Different strategic orientations
The NHH survey defined four different strategic orientations: market, technology, contractor and learning. The study wanted to uncover why some companies are more successful than others in their digitalisation work and investigated whether there were certain combinations of strategic orientations that resulted in greater commercial exploitation of digitalisation. The following research questions were therefore developed:

1. In which way did the various strategic orientations influence the commercial exploitation of digitalisation?
2. In which way and to what extent did a combination of different strategic guidelines influence the commercial exploitation of digitalisation?
3. In which way and to what extent is the commercial exploitation of digitalisation moderated by inter-functional coordination of strategic orientations?

The survey confirms that the old ideas are not longer valid
The NHH paper shows that strategic orientation is crucial to enabling digitalisation to create value when companies wish to differentiate themselves and that market-orientated enterprises are more likely to succeed. When it comes to digital cost management, the study shows that strategic orientation has no effect.

“There is little empirical data on how digitalisation best creates value, but Knowit's experience is that you have to succeed in both differentiation and cost management. This is in strong contrast to older academic research into the field, for example by Michael Porter”, says Opsahl.

It becomes apparent in the study that cost management is no longer a strategic advantage but a prerequisite for being in the market. This could perhaps be explained by the fact that Norway is already at a high level of technological development, with advanced customers and user groups. Digital investment is not a strategy – it is a framework condition, and it is not sufficient to merely cut costs through new digital solutions. To achieve “digital differentiation” that provides genuinely improved financial results, it is market and customer orientation in particular that are crucial. If the company is also capable of technological orientation, then its financial edge will be further reinforced.

The main conclusion is that Norwegian companies must become more customer-orientated through the use of digital technology.

Background
Our target group was Norwegian companies with more than 20 employees. 535 companies were invited to participate and 117 companies responded. Around three quarters had more than 100 employees and half had more than 250 employees. Most of the companies represented service industries (68) and the remaining companies represented industry (48). 60 of the respondents were from Kapital's list of the largest Norwegian companies and 57 were obtained from Proff.no.

Weaknesses of the survey
The authors themselves noted weaknesses in the survey and emphasised that the respondents perhaps did not always manage to define themselves in the correct category with regard to strategic orientation. The survey also presents a snapshot
(“financial results” is a relative term over time). Also, financial results alone cannot be verified through digital investments. For example, banks and energy companies are regulated and, to some degree, controlled by statutory framework conditions.

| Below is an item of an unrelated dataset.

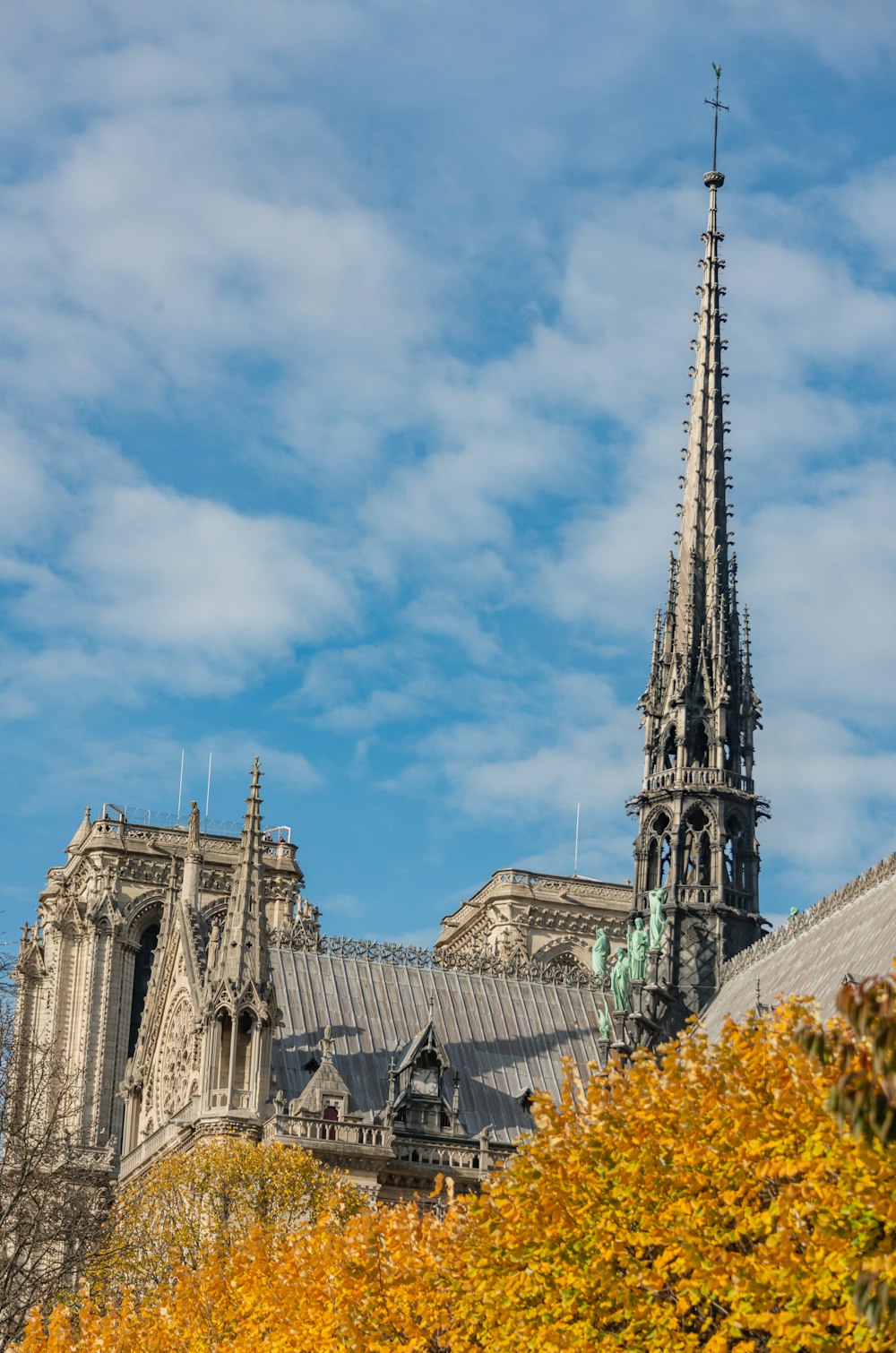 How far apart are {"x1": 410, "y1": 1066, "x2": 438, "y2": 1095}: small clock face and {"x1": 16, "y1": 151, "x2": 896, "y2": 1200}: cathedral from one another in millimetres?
140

As previously mentioned, theoretical frameworks and reference works are being challenged by more recent research. If the focus is on “either/or” when it comes to strategic orientation, we are inclined to think that successful digitalisation relies on having it both ways. In order to succeed in the digital world, the challenge is perhaps the necessity of having technological understanding, being market-orientated, entrepreneurial and open to new knowledge.